Please print every record exactly as it stands, leaving out the pictures.
:::
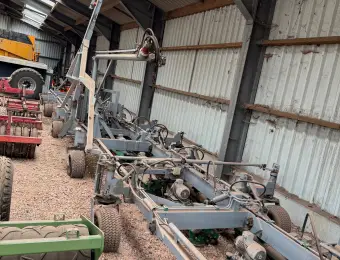 Zelfbouw kooimaaier met 21 stuks Jacobsen Ransomes Sport 200 Reels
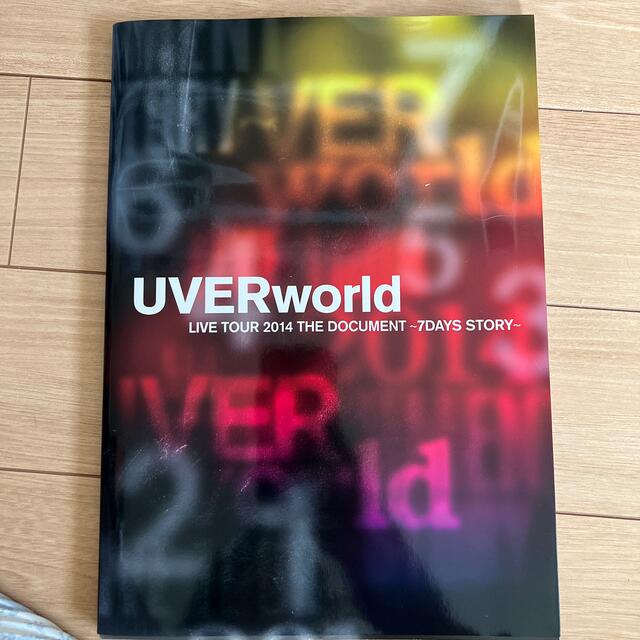 UVERworld LIVE TOUR 2014 THE DOCUMENT エンタメ/ホビーのタレントグッズ(ミュージシャン)の商品写真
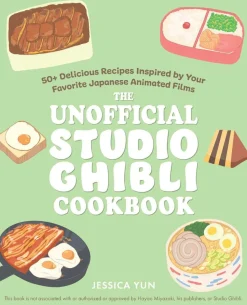 Studio Ghibli - The Unofficial Studio Ghibli Cookbook by Jessica Yun Hardcover Book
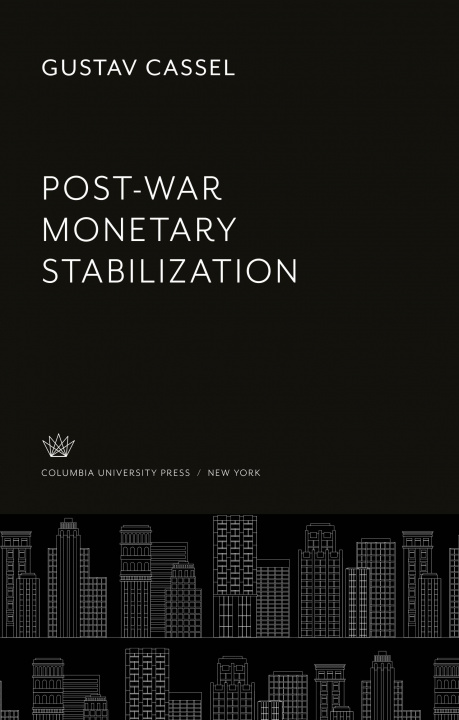 Knjiga Post-War Monetary Stabilization 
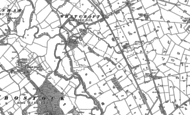 Old Map of Whatcroft, 1897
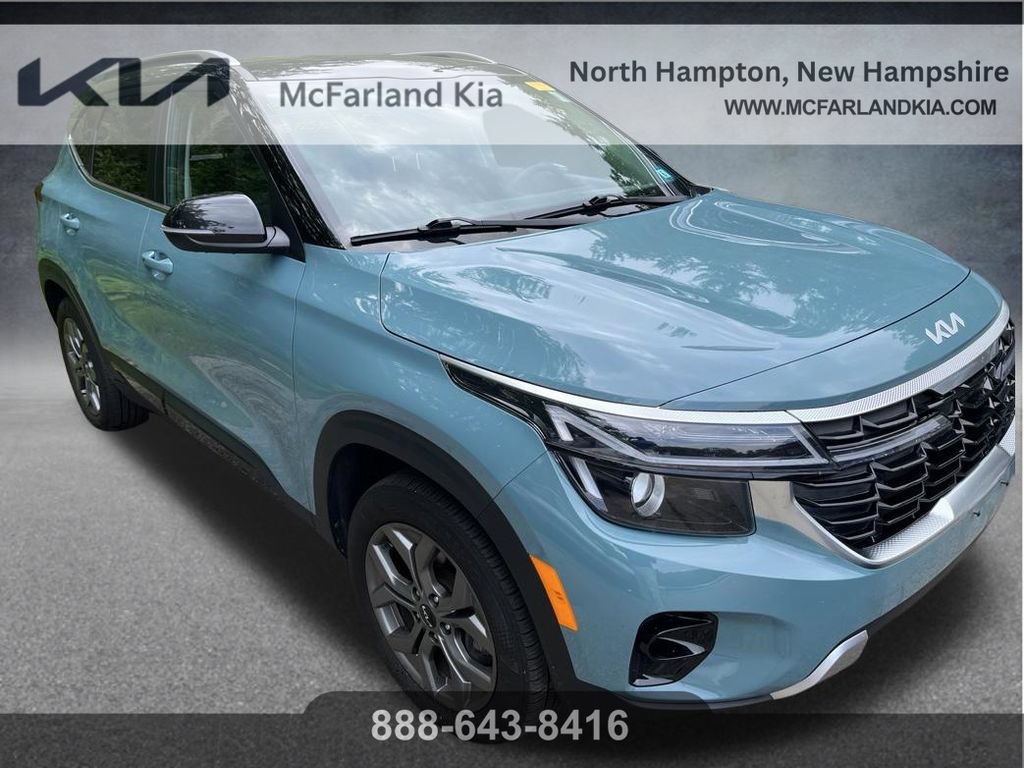 Used 2024 Kia Seltos S AWD/4WD image 3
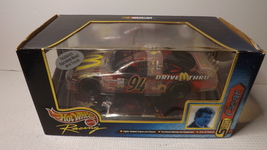 1999 Bill Elliott #94 McDonald&#39;s 1:24 Hot Wheels Racing Select Clear NASCAR - £22.01 GBP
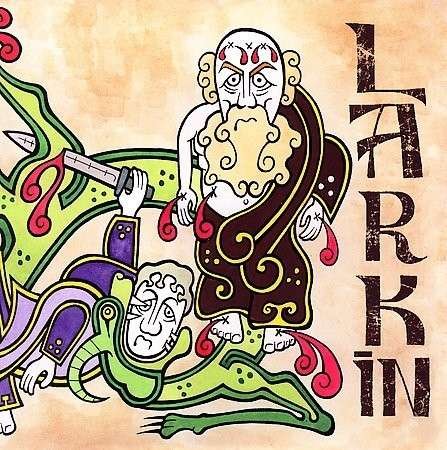 Cover for Larkin · Reckoning (CD) (2007)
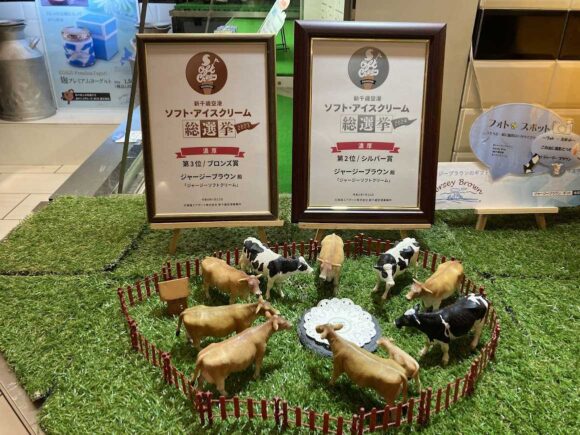 ジャージーブラウン 新千歳空港店の行き方アクセスや営業時間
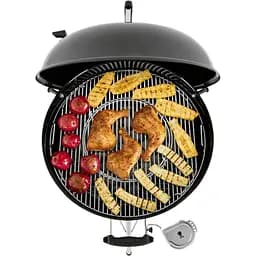 Гриль вугільний Weber Master-Touch Premium E-5770 чорний 57 см (17301004) - мініатюра 8
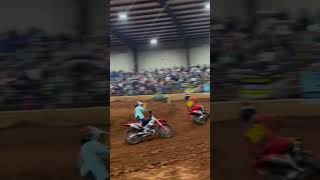 Arenacross Racing 2024 youtubeshorts motocross dirtbike [upl. by Noiramaj]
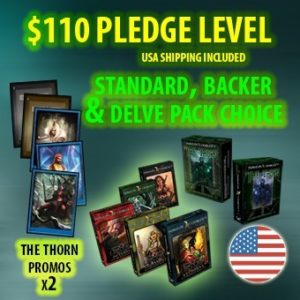 5 Delve Packs, x2 Thorn Packs Choice, USA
:::
Solution to the exercise:
 Zelfbouw kooimaaier met 21 stuks Jacobsen Ransomes Sport 200 Reels
 UVERworld LIVE TOUR 2014 THE DOCUMENT エンタメ/ホビーのタレントグッズ(ミュージシャン)の商品写真
 Studio Ghibli - The Unofficial Studio Ghibli Cookbook by Jessica Yun Hardcover Book
 Knjiga Post-War Monetary Stabilization 
 Old Map of Whatcroft, 1897
 Used 2024 Kia Seltos S AWD/4WD image 3
 1999 Bill Elliott #94 McDonald&#39;s 1:24 Hot Wheels Racing Select Clear NASCAR - £22.01 GBP
 Cover for Larkin · Reckoning (CD) (2007)
 ジャージーブラウン 新千歳空港店の行き方アクセスや営業時間
 Гриль вугільний Weber Master-Touch Premium E-5770 чорний 57 см (17301004) - мініатюра 8
 Arenacross Racing 2024 youtubeshorts motocross dirtbike [upl. by Noiramaj]
 5 Delve Packs, x2 Thorn Packs Choice, USA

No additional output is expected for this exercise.